Monday, November 13

Is Small Ugly?

An example of how small places may simply get too small

I was in a taxi. Not one for just me, but a huge big shared maxi one. The other passengers, like me, had flown in from Oslo and Bergen half an hour earlier. All of us were going to Leikanger [where my parents live], and all 13 of us were employed at some state, region or independent office or institute [Leikanger being something like a mini Brussels, where about 1500 out of 2000 inhabitants are "bueraucrats"].

It was pitch dark as the taxi approached Leikanger, and this is where it gets exciting. In any other case, the young man driving the taxi would have inquired about where the 13 individuals wanted to get off. But not in my teeny-weeny town. This is where the driver simply slows down his vehicle, swithces on the interior car light for about five seconds and scans the back of his taxi. Then - one by one - we politely get dropped off in front of our homes. Directions, [God forbid!] are seen as superflous; after all there is not a soul in town whose life is not to some extent monitored by the silent We.

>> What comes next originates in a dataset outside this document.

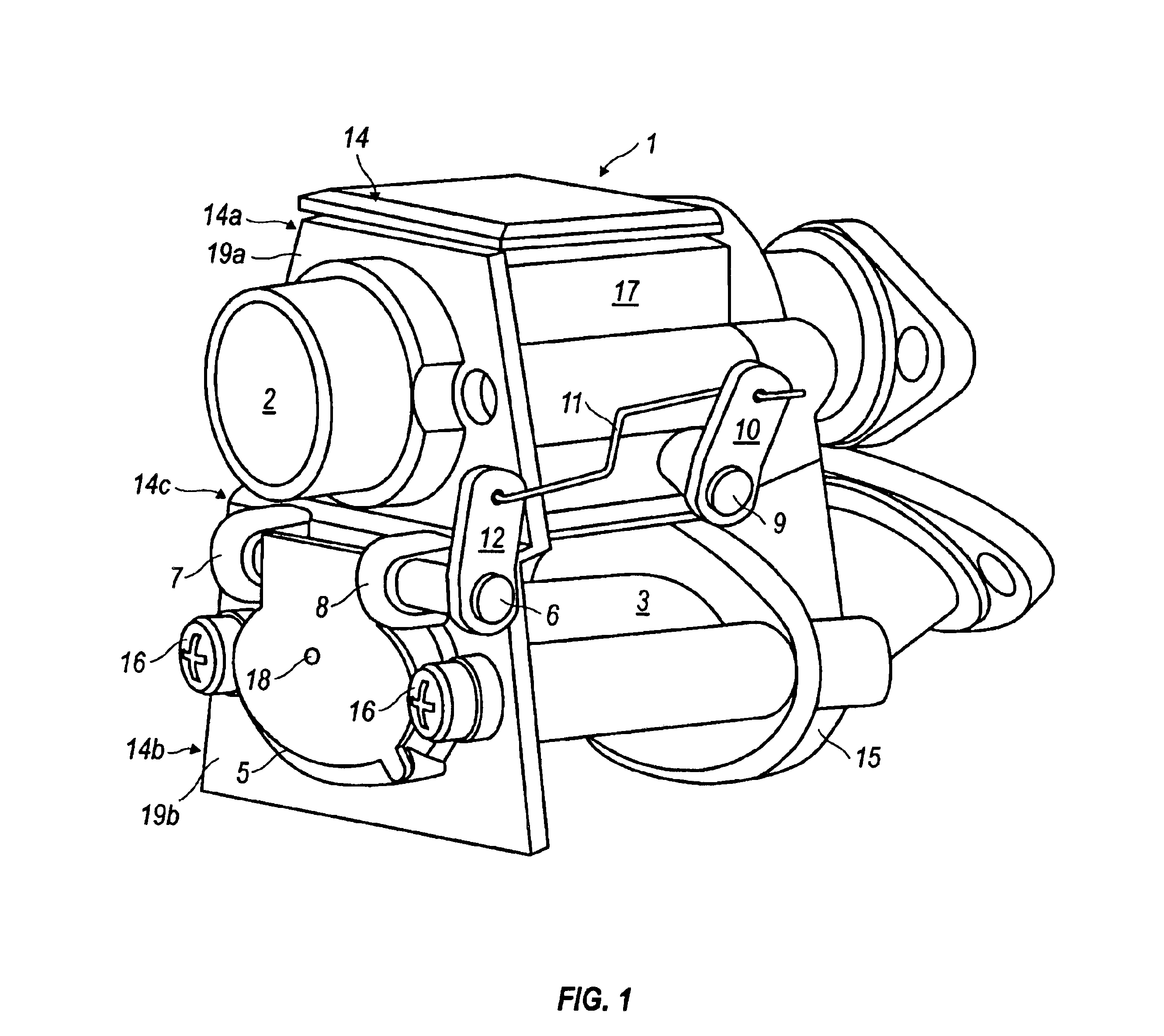 Valve for control of additional air for a two-stroke engine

Incredible as it may sound in our security scandal-haunted times, this mechanism of instant identificaton still allows all 2000 of us to dial the bank's number and ask the clerk to make payments and transfer money between our accounts, based on pure voice recognition. To be honest, I am not sure whether I like it or not, because this also means that news travels fast. The downside: Puke in a person's flower bed today, and (you can be damned sure) you feature in the jungle telegraph tomorrow. (Not that I ever did that).